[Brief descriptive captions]
※ ※ ※

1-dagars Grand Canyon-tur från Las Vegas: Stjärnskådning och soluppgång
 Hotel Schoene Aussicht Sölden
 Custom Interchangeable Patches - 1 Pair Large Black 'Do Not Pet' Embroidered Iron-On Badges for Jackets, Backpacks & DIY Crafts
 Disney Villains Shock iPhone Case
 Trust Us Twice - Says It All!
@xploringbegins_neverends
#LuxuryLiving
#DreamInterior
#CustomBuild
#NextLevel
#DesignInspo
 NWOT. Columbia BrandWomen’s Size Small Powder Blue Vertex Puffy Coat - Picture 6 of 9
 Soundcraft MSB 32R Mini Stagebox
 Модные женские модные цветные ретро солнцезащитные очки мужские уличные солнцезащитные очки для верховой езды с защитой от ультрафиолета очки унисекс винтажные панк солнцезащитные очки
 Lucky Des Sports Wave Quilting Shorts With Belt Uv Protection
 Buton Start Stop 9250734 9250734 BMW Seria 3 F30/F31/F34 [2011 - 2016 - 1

※ ※ ※

All lines starting at the one holding "NWOT. Columbia BrandWomen’s Size" and ending at the last line above must be output exactly, and no other line may appear.

 NWOT. Columbia BrandWomen’s Size Small Powder Blue Vertex Puffy Coat - Picture 6 of 9
 Soundcraft MSB 32R Mini Stagebox
 Модные женские модные цветные ретро солнцезащитные очки мужские уличные солнцезащитные очки для верховой езды с защитой от ультрафиолета очки унисекс винтажные панк солнцезащитные очки
 Lucky Des Sports Wave Quilting Shorts With Belt Uv Protection
 Buton Start Stop 9250734 9250734 BMW Seria 3 F30/F31/F34 [2011 - 2016 - 1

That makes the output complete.